In 1997, BLH, a minor child, was placed in foster care. The foster parents received monthly foster care maintenance payments of $675, which included an upward adjustment because BLH was a special needs child. In 1999, the foster parents applied to be BLH”s adoptive parents. They sought to convert the foster care maintenance payment into an adoption assistance subsidy. The foster parents entered into an Adoption Subsidy Agreement under which DSS agreed to furnish them monthly adoption assistance payments of $675. Two months later, a state court declared them the adoptive parents of BLH. They received the monthly $675 payments for three years. In 2002, DSS began reducing by twenty dollars all monthly foster care maintenance payments and adoption assistance subsidies. In 2004, DSS rescinded the twenty-dollar reduction to foster care maintenance payments, but did not rescind the reduction to adoption assistance subsidies. Thus, for BLH, the payments remained at $655 per month.  BLH filed in state court a class action against Lillian Koller, individually and in her official capacity as director of DSS. Koller removed the caseto federal court. BLH added former directors of DSS to their complaint (collectively, with Koller, “the Directors”). The district court denied the Directors’ motion for summary judgment.

On appeal, the Directors asserted qualified immunity from suit. The qualified immunity inquiry asks (1) whether an official violated a federal right, and (2) whether that right was clearly established at the time the official acted.

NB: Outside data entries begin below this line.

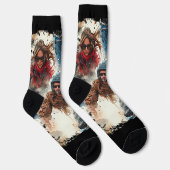 Wasserfarbe zeichnend MotoBikers Socken (Rechts)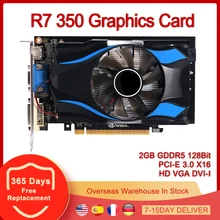 R7 350 Graphics Card 2GB GDDR5 128Bit PCI-E 3.0 X16 HD VGA DVI-I Video Card for AMD Radeon R7350 2G 128 Bit
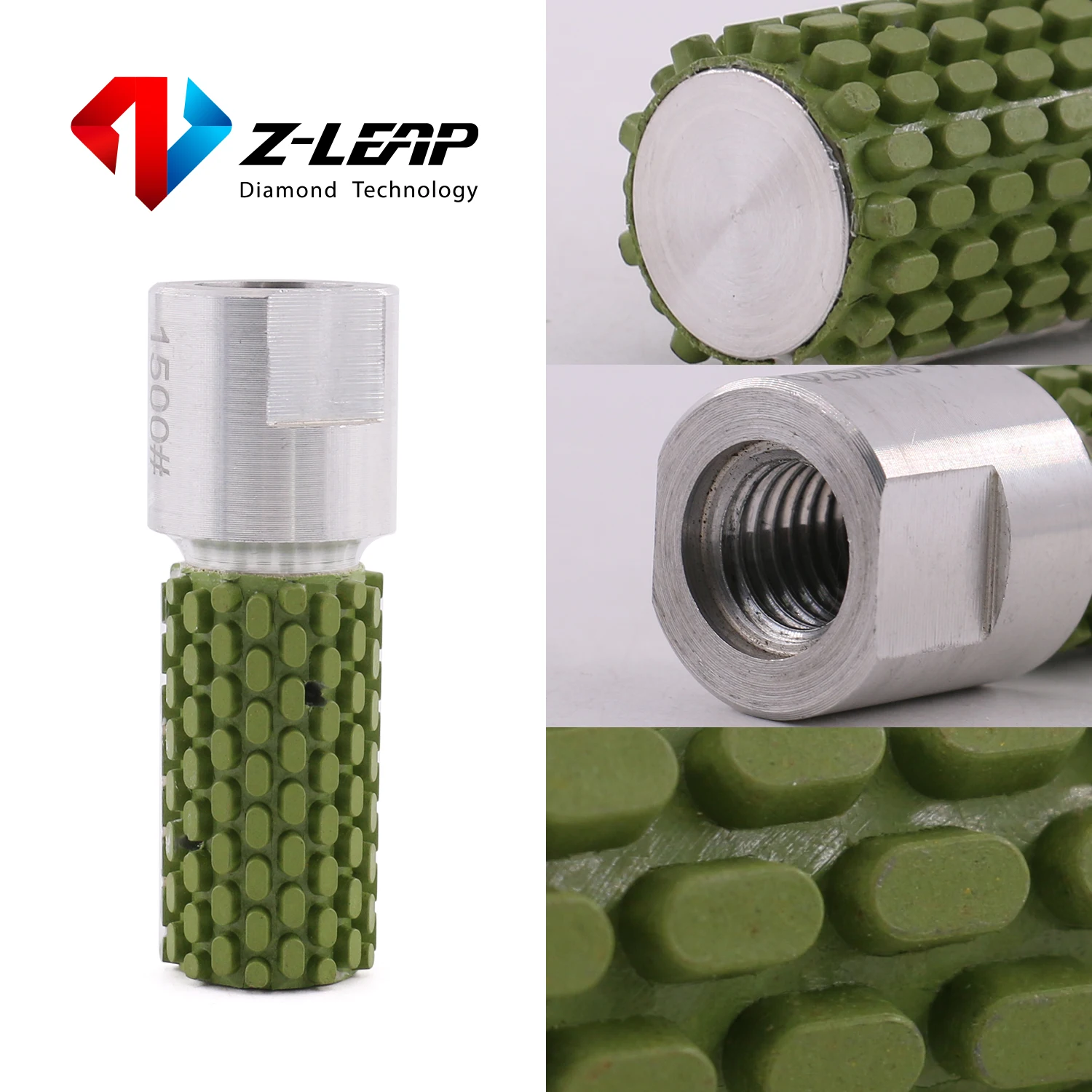 Imagem -05 - Z-leap Pcs Polegada de Diamante Cilindro de Roda 25 mm M14 ou 811 Rebolo para Polimento de Tambor Fio Buraco Pia de Mármore Pedra de Granito
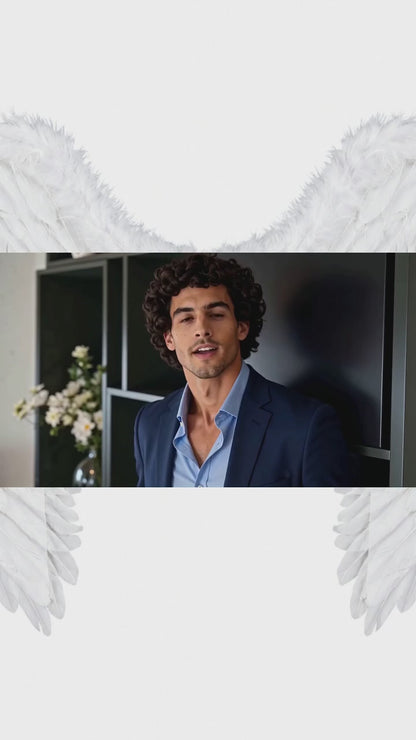 Alas de ángel 80 cm, ideal para disfraz de Halloween video 1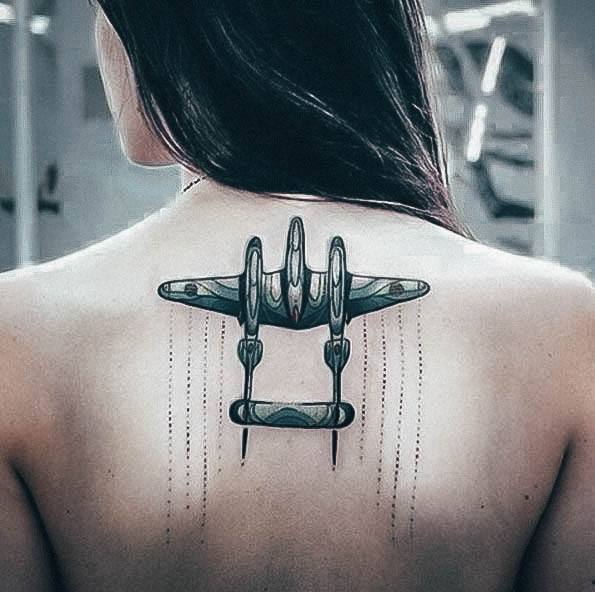 Airplane Womens Tattoo Designs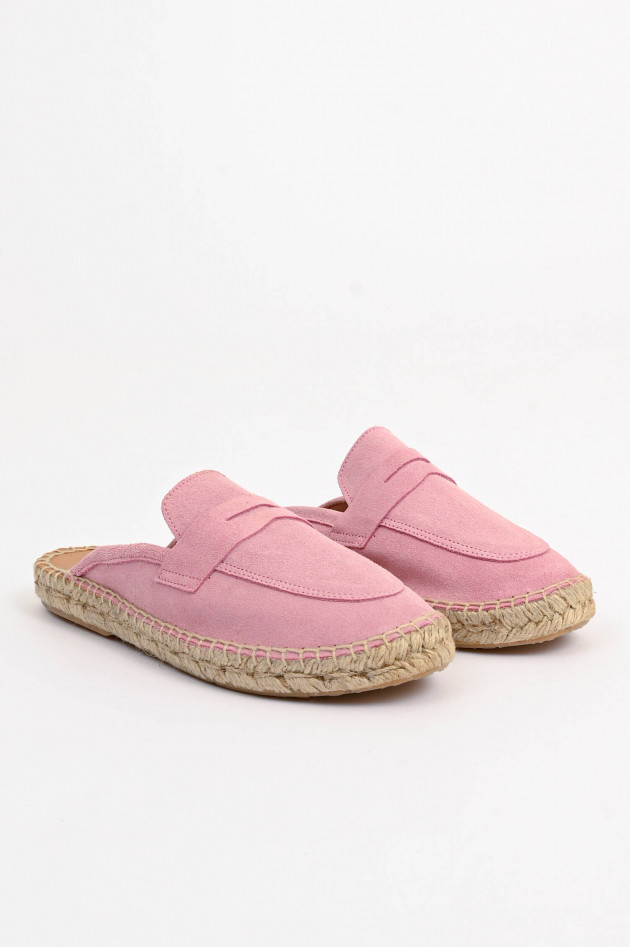 Abarca Espadrilles Slipper ANTIFAZ SERRAJE in Rosa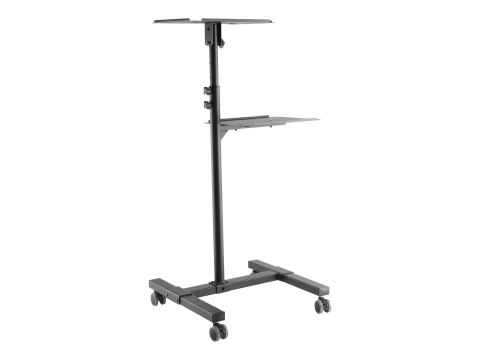 TECHly ICA-TB TPM-10 - Wózek - dla projektor / laptop - plastik, stal - czarny
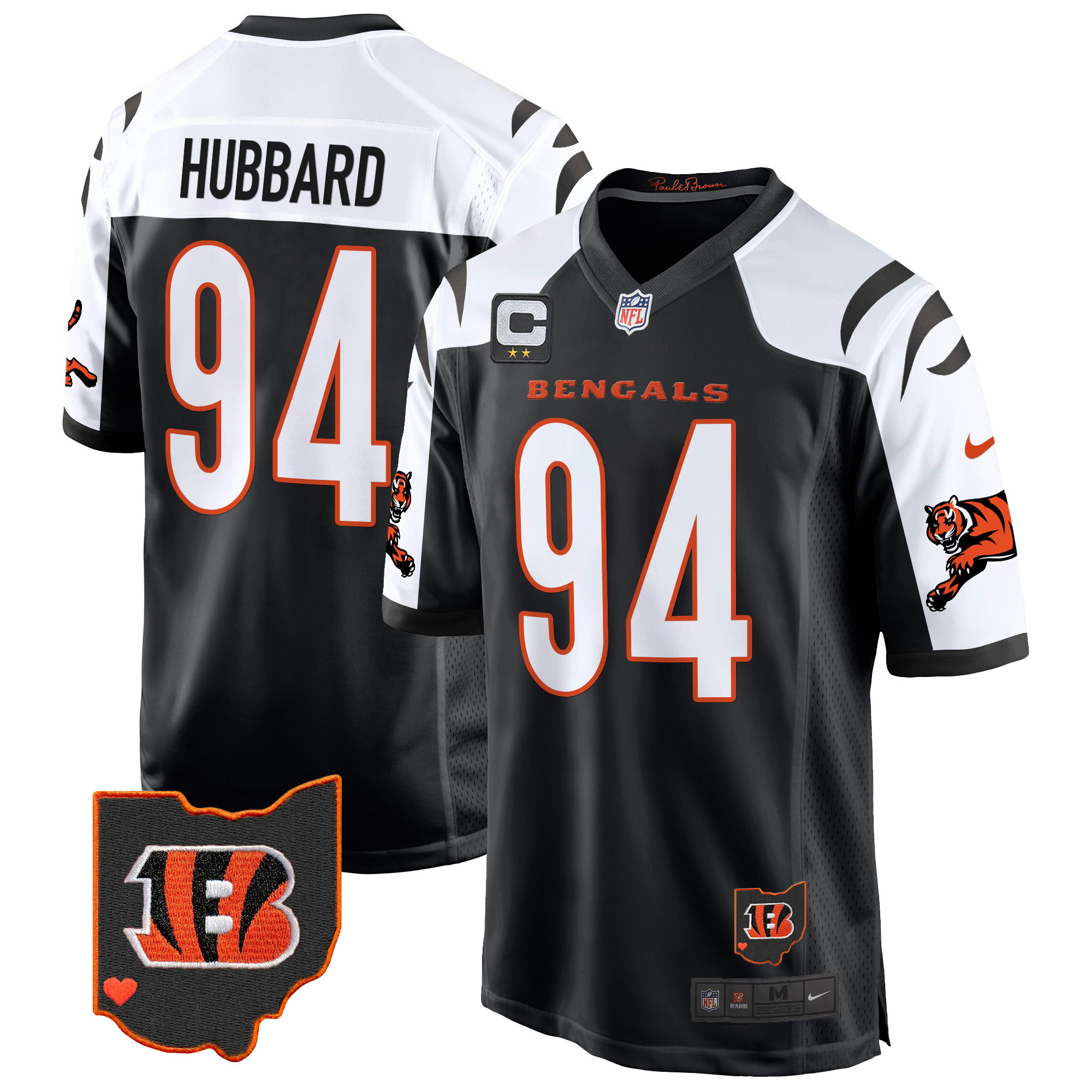 Men's Sam Hubbard Cincinnati Bengals 2024 Game Black Alternate Jersey - All Stitched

Here, the Fourth Circuit determined whether § 673 (a)(3) creates a privately enforceable right to parental concurrence, which the Directors may have violated. The Supreme Court in Blessing v. Freestone laid out a three-factor test to determine whether a particular statutory provision gives rise to a federal right privately enforceable under 42 U.S.C. § 1983. For the first-factor, the court addressed whether Congress intended § 673 (a)(3) to benefit the plaintiff. Because the Act provides that the adoption assistance payments are determined through agreement and may be readjusted periodically, it does apply to the plaintiff. For the second factor, the court addressed whether the asserted right is not “so vague and amorphous that its enforcement would strain judicial competence.” The court found that the term “concurrence” was not too vague. § 673 (a)(3)’s requirement that a state may not readjust an adoption assistance payment amount without an adoptive parent’s “concurrence,” clearly means agreement or assent. For the third factor, the court addressed whether the statute unambiguously imposes a binding obligation on the States, which is demonstrated by mandatory, rather than precatory terms. The court found that there was no ambiguity as to what statues must do under § 673 (a)(3) as a condition of receiving federal funding under the Act. Therefore, § 673 (a)(3) does give rise to a privately enforceable federal right; however, only violations provide for recovery. The language of the statute prohibits adoption assistance subsidies that exceed foster care maintenance payments. As a result, § 673 (a)(3) establishes a right to parental concurrence in subsidy readjustment determinations except when the subsidy must be reduced due to reductions in foster care maintenance payments. Here, the subsidy had to be reduced due to South Carolina’s reduction in all foster care maintenance payments. The State’s failure to do so would have violated federal law. For, under § 673 (a)(3), a failure to reduce BLH’s adoption assistance payment would have resulted in a payment “exceeding the foster care maintenance payment” she would have received had she remained in foster care. Therefore, the plaintiffs cannot establish that the Directors violated the plaintiffs’ rights under the Act and the Directors are entitled to qualified immunity.